Monday, January 23, 2012
Now that's just bad luck!
You know last week when I mentioned I tend to use the same shoe picture more than once? Well, this is one of those times. I remembered using this picture back in 2009, and I thought it would be perfect for what I wanted to talk about today. What I didn't remember was what that older post was about. Funny thing is, it was not all that different from what I'm going to post today. If you're dying of curiosity, you can read it here.
Back in 2009, I used this picture to initiate a discussion about inner conflict. Sure, we can see that the woman's heel is broken, which is an inconvenient external conflict. What we can't see, is what's going on inside of her. Why might this broken heel be such a horrible thing for her? Today's post was supposed to be about backstory. What in this woman's past has made this broken heel such a crisis? Were these the much beloved shoes of her dead grandmother? Did her ex-husband give them to her? Did this very heel save her life when she used it to bash in the skull of the man who tried to rape her?
What I'm getting at today (as I was in the 2009 post) is this: Why do we care that this woman has broken a heel? On the surface, it's just a piece of bad luck. Yes, if it happened to me, it would be an inconvenience so I might feel sorry for her for a moment. But if I passed this woman on the street in the morning as she struggled with her shoe, I'd probably forget all about her by lunchtime because I don't know her. And since I don't know her, I don't care a whole lot. Certainly not enough to read a 200 plus page book about her.

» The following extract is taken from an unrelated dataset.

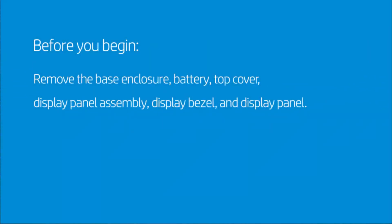Before you begin, remove the base enclosure, battery, top cover, display panel assembly, display bezel, and display panel.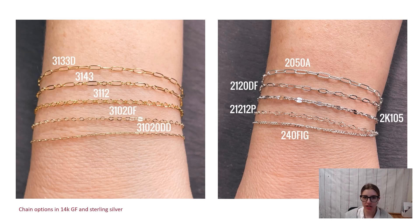These are just a few of the chains Halstead offers in sterling silver and gold filled, shown on a wrist for size reference. These are smaller chains that vary in style, but they're all within that sweet spot of chain thickness and size for permanent jewelry.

I've had some issues recently with making my MC likable--someone the reader will care about--so I re-read the first chapters of some of my favorite books with characters I loved immediately and could not stop thinking about long after I finished reading the book. You know what they all had in common? Backstory. Not only in the first chapter, but on the very first page. This goes against everything I've learned since I actively began pursuing novel writing. So, as things often do, it's got me thinking...what is the deal with backstory? Why is it so frowned upon? Wouldn't you be more likely to read a book about this woman with the broken heel if you knew right away that the shoes were special to her because they saved her life?
Now, I'm not saying I'm going against the grain and want to start some kind of pro-backstory protest. I just want to hear your thoughts on the matter. And if you have any appropriate links on the subject, please do share. I'll be posting more about this in the next few days, but for now, I'd love to know what you think.